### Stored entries
-------

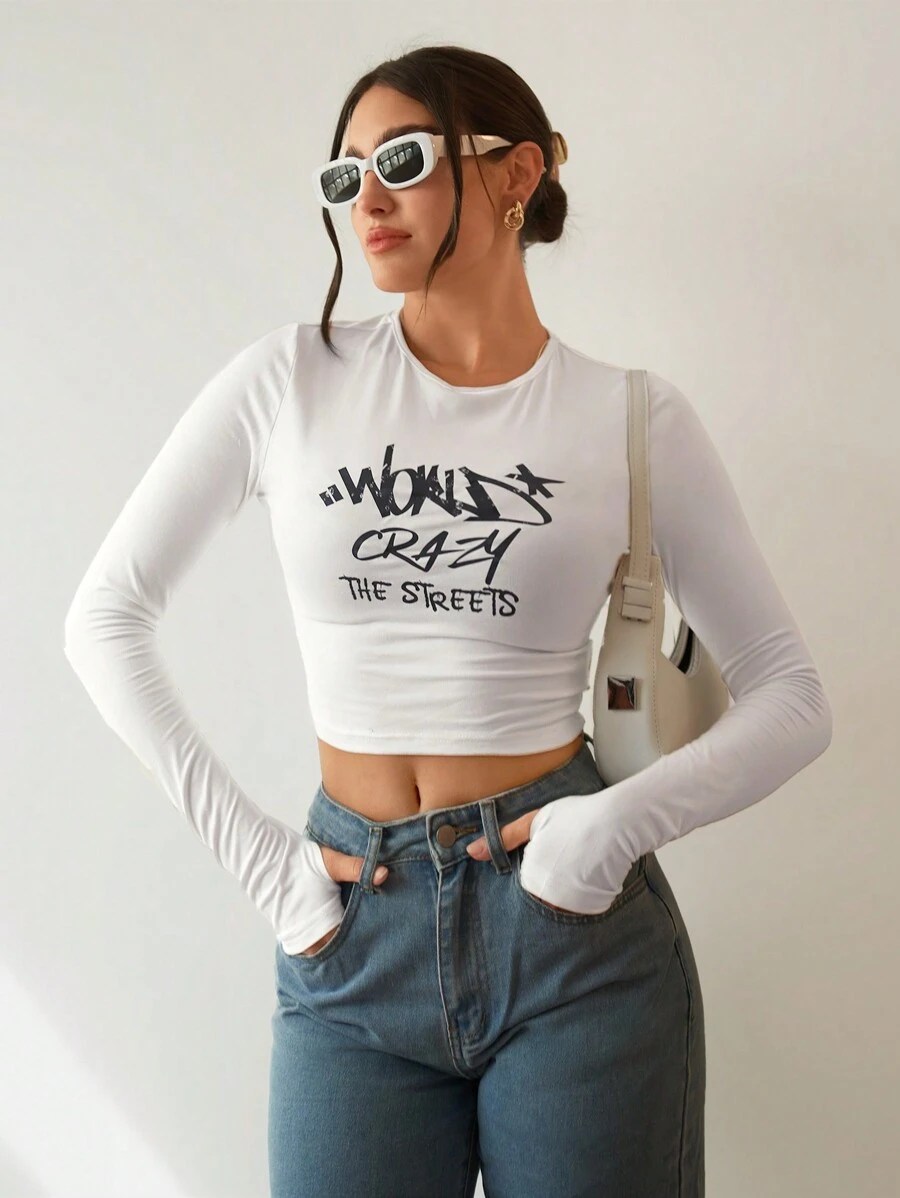 SHEIN Essnce Slogan Graphic Crop Tee WORLD'S CRAZY THE STREETS - White - View 1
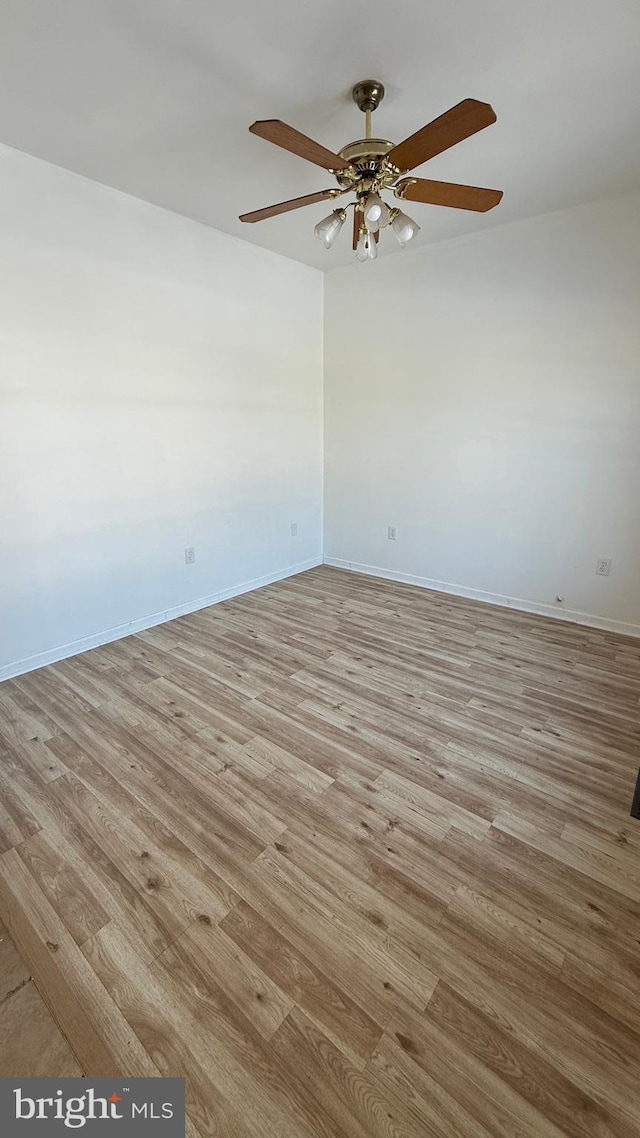 empty room with ceiling fan and light wood-type flooring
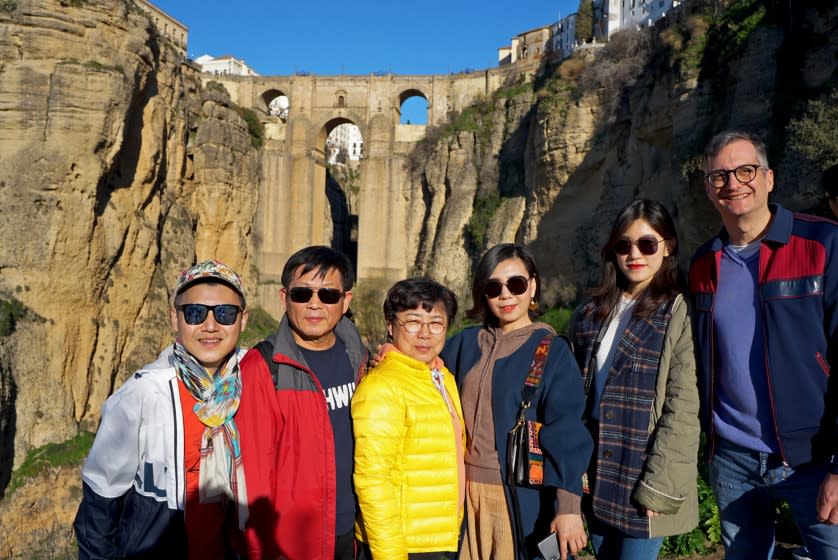 Charlie Gu, lar left, and his husband, Thomas Alfieri, far right, pose with Gu's parents and cousin on vacation in Ronda, Spain. Gu, who lives in San Francisco, uses WeChat to keep in touch with his family abroad and organize vacations. (Courtesy of Charlie Gu)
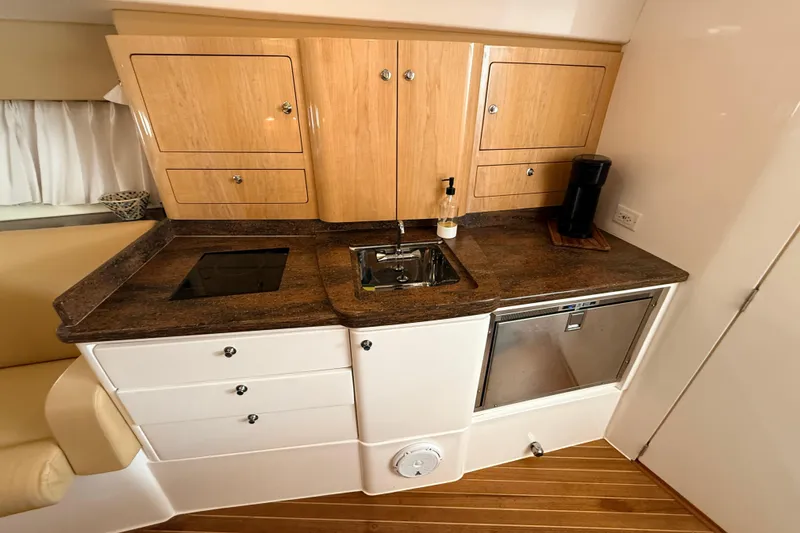 Slide: The Image of Compact kitchen area in a 2016 Intrepid 430 Sport Yacht with wooden cabinets and modern appliances. - 8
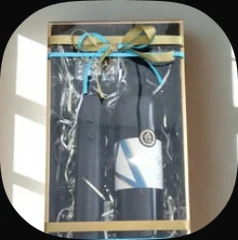 An electric bottle opener and a bottle in a gold-edged box tied with a blue ribbon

-------

This task calls for an exact copy of the data above, without pictures.

### Output
 SHEIN Essnce Slogan Graphic Crop Tee WORLD'S CRAZY THE STREETS - White - View 1
 empty room with ceiling fan and light wood-type flooring
 Charlie Gu, lar left, and his husband, Thomas Alfieri, far right, pose with Gu's parents and cousin on vacation in Ronda, Spain. Gu, who lives in San Francisco, uses WeChat to keep in touch with his family abroad and organize vacations. (Courtesy of Charlie Gu)
 Slide: The Image of Compact kitchen area in a 2016 Intrepid 430 Sport Yacht with wooden cabinets and modern appliances. - 8
 An electric bottle opener and a bottle in a gold-edged box tied with a blue ribbon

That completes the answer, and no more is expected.